#### USING VCI IN A ON-CHIP SYSTEM AROUND SPIN NETWORK

## H. CHARLERY, A. GREINER, E. ENCRENAZ, L. MORTIEZ, A. ANDRI-AHANTENAINA

UNIVERSITY PIERRE AND MARIE CURIE, PARIS

# **KEYWORDS:** Network On Chip, VCI, SPIN, Wrapper, Formal Checking

**ABSTRACT:** The micro network SPIN (Scalable Programmable Integrated Network) is a packet-switched system-on-chip interconnection. This technology provides a very general communication mechanism between the different virtual components connected in the system. Moreover the bandwidth increases linearly with the number of embedded processors. This paper describes the main features of the SPIN network (VCI/SPIN wrappers and routers). We also focus on parallel architecture problems such as deadlocks and memory coherency. Then we present some results about a comparison between SPIN and a bus system (PI-Bus).

### INTRODUCTION

The SPIN concept [1][2] of high rate architecture of communication for system-on-chip drifts from the acquired experience in the parallel calculator domain. These machines have important requirements in bandwidth. They often use networks of interconnection multistage that are composed of point-to-point links and routers, as a substitute to the traditional "bus system" [3].



Fig. 1. Example of PI system interconnecting some VCI components

In systems on chip, the communication bus is often the bottleneck, and this trend can only become more pronounced with the increase of the integration capacities [4]. The technology of packet-switched micro network SPIN is a possible answer to this problem. However, to permit an easy migration of an architecture using a bus toward an architecture using a switched network, it is necessary to permit the existing component reuse (IP cores). Therefore, the network must provide to the system designers the same interface and the same kind of services than a traditional bus. The VCI standard [5] (Virtual Component Interface), normalized by the VSIA consortium, defines a protocol of communication like "space shared" addressable memory, that can be as



Fig. 2. Example of AMBA system interconnecting some VCI components

well implemented by a traditional bus system like PI Bus [6], Figure 1, or AMBA Bus [7], Figure 2, as by a packet-switched network, Figures 3. We will see how the technology of the switched network SPIN can be used to provide a generic interconnection mechanism according to the VCI standard.

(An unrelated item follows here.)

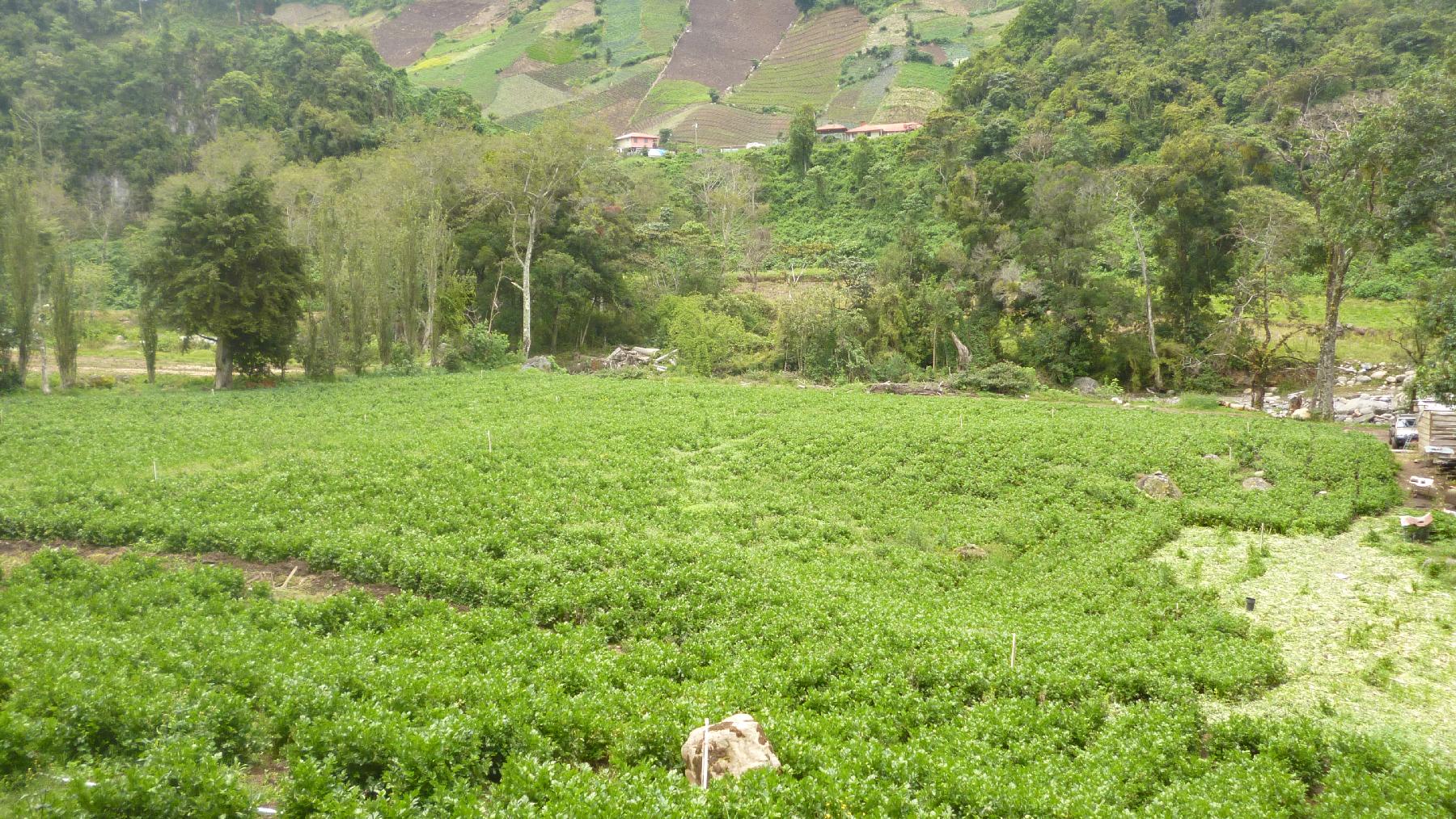 CHIRIQUI, BUGABA, MOUNTAIN PROPERTY IN CERRO PUNTA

VCI has many advantages. The VCI interface introduces a complete delinking between the design or the choice of the system components (cores of microprocessor, DSP or specialized coprocesseurs), and the choice of the communication devices (classic bus, hierarchical bus, switched network, etc...). The extreme simplicity of the stream control mechanism defined by VCI, facilitates the design of the access interfaces to the network. Finally, VCI supports the split transactions.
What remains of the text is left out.